Après vaine mise en demeure préalable, la déchéance du terme est dénoncée par LRAR le 21 novembre 2024. Le premier incident de paiement non régularisé a eu lieu le 6 mars 2023
M. [U] [O] reste à devoir la somme principale de 4134,01 euros ainsi détaillé :
— capital restant dû : 3438,33 euros
— montant échu impayé : 400,00 euros
— indemnité légale de 8% : 295,68 euros
Les mises en demeure étant restées vaines, par acte d’huissier en date du 22 janvier 2025 signifié à étude, la BNP PARIBAS PERSONAL FINANCE dont le siège social est [Adresse 2] à PARIS a assigné M. [U] [O] demeurant [Adresse 4] devant le Juge des contentieux de la protection du Tribunal judiciaire de Montpellier le 19 mai 2025 aux fins de :
Y venir le requis susnommé et qualifié,
DONNER ACTE à la requérante de la dénonce à la requise d’une copie des pièces visées en pied des présentes ;
Vu en droit constant : le code civil notamment en ses articles 1174 (1108-1 ancien), 1366 (1316 ancien) et suivants 1100, 1103 (1134 ancien), 1124 (1184 ancien) et suivants, 1984 ancien, 1898 et suivants, 1902 et suivants du Code civil, 1371 et 1235 et suivants (devenus 1300 et 1302) ;
Vu le code de la consommation en sa version applicable aux offres de crédit en discussion ; et notamment ses articles L 312-1 suivants, L312-39 et suivants, D 312-16 et suivants ;
Vu le code de procédure civile notamment en ses articles 4 à 16 et 275 du CPC,
Vu les jurisprudences citées reprises au bénéfice de la motivation des présentes ;
CONSTATER la déchéance du terme et en tant que de besoin
PRONONCER la résolution judiciaire du contrat en cause pour défaut de paiement des échéances à bonne date, et déclarant l’action recevable,
CONDAMNER M. [U] [O] à payer à la SA FRANFINANCE aux droits de la SOGEFINANCEMENT pour les causes sus énoncées :
1- Au titre du contrat du 24 septembre 2020 la somme principale de 4134,01 euros, avec les intérêts de retard depuis le 21 novembre 2024, date de la mise en demeure et à défaut de l’assignation et jusqu’à parfait paiement ; hors concernant l’indemnité contractuelle et légale de 8% qui portera intérêts au taux légal à compter de la mise en demeure du 21 novembre 2024et à défaut de l’assignation et jusqu’à parfait paiement ;
2- Et subsidiairement au paiement de la somme de 1237,68 euros correspondant à la différence entre les montants financés pour 5076,01 euros et les règlements reçus pour 3838,33 euros cette somme produisant intérêts au taux légal depuis la mise en demeure du 21 novembre 2024, et jusqu’à parfait paiement.

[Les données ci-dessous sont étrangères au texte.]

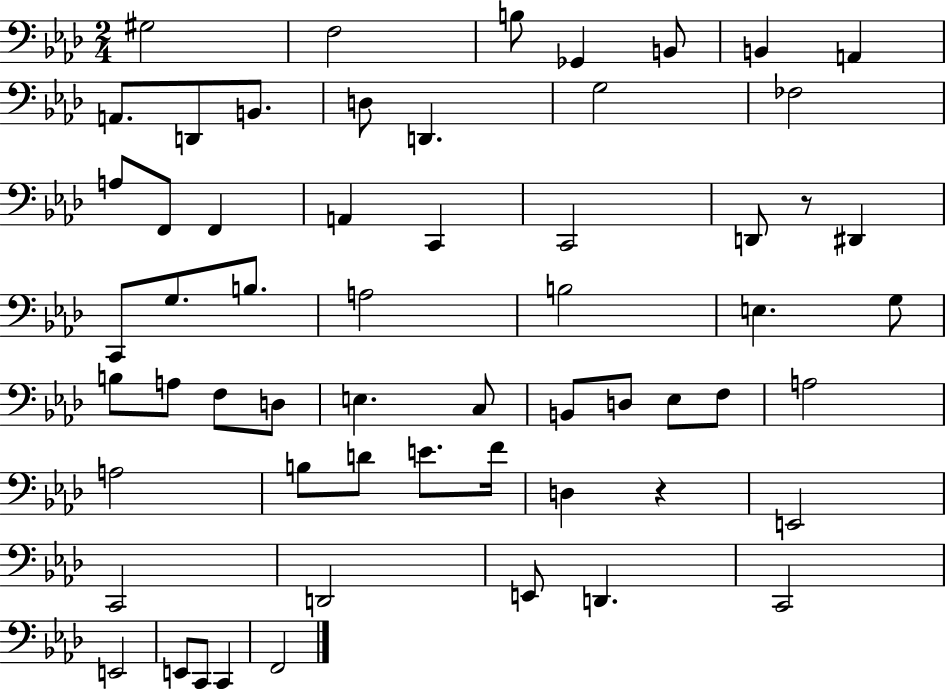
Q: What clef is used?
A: bass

Celle de 800,00 euros au titre de l’article 700 du code de procédure civile, avec condamnation aux dépens (article 696 du CPC) et application des articles 1231-6,1343-1 et 1343-2 du code civil.

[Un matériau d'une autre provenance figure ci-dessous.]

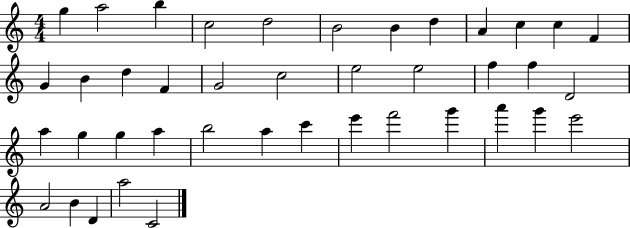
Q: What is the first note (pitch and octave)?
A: G5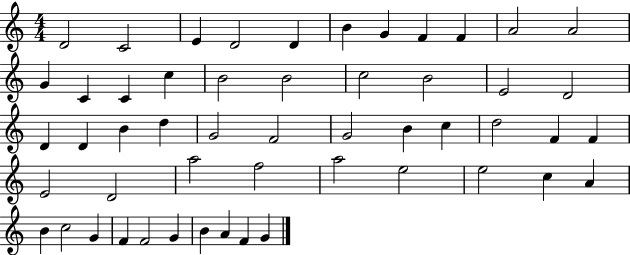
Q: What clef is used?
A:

A l’audience du 19 mai 2025, le Juge des contentieux de la protection a relevé d’office notamment le moyen tiré de la forclusion de l’action en paiement, le moyen tiré de la déchéance du droit aux intérêts conventionnels en raison du manquement du prêteur à son obligation de remettre à l’emprunteur une fiche d’informations précontractuelles européennes normalisées et une notice d’assurance, en raison du manquement du prêteur à son obligation de vérifier la solvabilité de l’emprunteur et de consulter le FICP lors de la conclusion du contrat de crédit, et le moyen tiré de la nullité du contrat en raison du déblocage des fonds avant le septième jour.
A cette audience, la BNP PARIBAS PERSONAL FINANCE, représentée par son conseil, a déposé des conclusions auxquelles elle a déclaré se rapporter et auquel il convient de se référer pour un plus ample exposé de ses moyens conformément à l’article 455 du code de procédure civile.
Elle n’a pas sollicité de renvoi de l’audience afin de répondre aux moyens soulevés d’office par le tribunal.
M. [U] [O] n’a pas comparu, ni n’a été représenté.
L’affaire a été mise en délibéré au 21 juillet 2025 et prorogé au 15 septembre 2025.
MOTIFS DE LA DECISION
L’article 472 du code de procédure civile dispose que si le défendeur ne comparaît pas, il est néanmoins statué sur le fond. Le juge ne fait droit à la demande que dans la mesure où il l’estime régulière, recevable et bien fondée.
En application de l’article R. 632-1 du Code de la consommation, le juge peut relever d’office toutes les dispositions du présent code dans les litiges nés de son application.
Sur la recevabilité de l’action :
L’article R.312-35 du code de la consommation dispose que les actions en paiement à l’occasion de la défaillance de l’emprunteur dans le cadre d’un crédit à la consommation, doivent être engagées devant le Juge des contentieux de la protection dans les deux ans de l’événement qui leur a donné naissance à peine de forclusion.
Cet événement est caractérisé par les premiers incidents de paiement non régularisés.
En l’espèce, il ressort des pièces versées aux débats que le premier incident de paiement non régularisé doit être fixé au 6 mars 2023.
L’assignation ayant été signifiée le 22 janvier 2025 soit deux ans à compter de ces premiers incidents de paiement non régularisés, l’action intentée doit être déclarée recevable.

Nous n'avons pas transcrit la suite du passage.